Writer's picture: CroneCrone

This large branch broke off a tree in a recent storm. The ivy lived on - funny that I have ivy and mistletoe together, or close together, on this blog. Maybe I need some holly next.


Anyway, I've been writing about the bioconservatives and their irrational reverence for human nature. A human nature that includes the ability to commit genocide, commit rape in war, torture, oppress and discriminate against the other. And yet there is something about our neediness and dependency that I find beautiful. I think I elaborated on that in the posts about trust a few months back. The vulnerability and the fragility of people... I just wish we lived in a world where people were not afraid to express it. That would be my transhuman vision - humans who could admit that they felt pain... I guess people do tell me that they are lonely or hurting. People tell me they feel let down or alienated. Yet even so such truths tend to be not just spoken, but spoken as part of something less noble. This will sound deeply cynical, but I say it not to condemn us but to condemn the environment. We can't admit that we are frail, so we have to feel that the other or another is to blame. Or that fate is to blame. Often one or more of these happens to be true, but the pertinent fact in our relationships is that we are all alike in our capacity for suffering. Admissions of pain and the granting of sympathy, both seem somehow corrupted by claims of blame and feelings of obligation.


Maybe that's why I struggle with the cat outside - who is now called Anders after my favourite tutor, the one sporting a cat-facemask during his talk (the cat's face looks uncannily like that mask) - I feel obligated. That's my responsibility. Anders is not able to confer upon me a sense of obligation. But it is the sense I have so often with people. It's funny, I know people who've taken in strays but who hate cats like mine that are 'too demanding'. I guess they are experiencing the same thing. I don't feel it with my cats. I do feel guilt at not giving them enough attention, but I know that I placed the obligation on myself, whereas with Anders, he showed up and so I feel he put the obligation upon me.


Really, though, I wanted to write about love. Today, as I was driving back from a soggy run across the fields, a fox was running on the verge alongside the road, trying to get through the hedge. He turned, and looked with fear at the cars, and I was afraid he'd leap in front of one. I saw his face clearly.

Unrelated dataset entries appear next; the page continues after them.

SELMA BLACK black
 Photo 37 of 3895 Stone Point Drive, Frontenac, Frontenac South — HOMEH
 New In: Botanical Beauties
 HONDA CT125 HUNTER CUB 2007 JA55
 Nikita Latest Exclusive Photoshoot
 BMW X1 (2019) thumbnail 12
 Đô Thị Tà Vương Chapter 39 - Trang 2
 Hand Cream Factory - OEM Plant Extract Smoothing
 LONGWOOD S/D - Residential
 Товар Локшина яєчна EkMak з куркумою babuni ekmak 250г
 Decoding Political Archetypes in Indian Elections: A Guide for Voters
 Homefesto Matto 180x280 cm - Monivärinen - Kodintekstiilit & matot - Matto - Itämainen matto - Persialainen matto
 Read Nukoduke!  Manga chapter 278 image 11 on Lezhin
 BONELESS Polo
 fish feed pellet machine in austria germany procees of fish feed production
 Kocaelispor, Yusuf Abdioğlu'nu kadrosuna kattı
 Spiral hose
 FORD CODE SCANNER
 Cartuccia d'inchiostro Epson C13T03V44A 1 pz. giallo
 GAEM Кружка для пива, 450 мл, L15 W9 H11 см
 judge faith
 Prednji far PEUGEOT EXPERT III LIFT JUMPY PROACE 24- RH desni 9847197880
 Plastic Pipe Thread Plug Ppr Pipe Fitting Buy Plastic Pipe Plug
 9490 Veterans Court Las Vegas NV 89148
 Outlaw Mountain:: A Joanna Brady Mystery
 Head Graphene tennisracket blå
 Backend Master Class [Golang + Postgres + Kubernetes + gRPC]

His eyes were brown-rimmed, almost like a raccoon. Unlike the urban foxes I see in London, scrawny and leggy, he was sleek and thick-coated. His eyes showed fox-cunning as well as fear.


When I had gone past I felt the upswell of love. Something so pure, rarified. Awe, really. And I thought of something written by Martha Nussbaum - 'If we feel wonder looking at a complex organism, that wonder at least suggests the idea that it is good for that being to persist and flourish as the kind of thing it is.' Oh I so what the foxes and the sparrows, the cats and the dogs, the badgers and the hares, the bees and the spiders, the deer and the stoats, the rats and the mice, the weasels and otters and rabbits and stoats, the creepy-crawlies and the slithery-slidies, the fish and the insects, the mammals and the birds, the sky and the air and the trees and the plants, the moss on the rocks and the lichen on bark and the parasitic mistletoe in the leaf-cleared branches all to flourish as the kinds of things they are.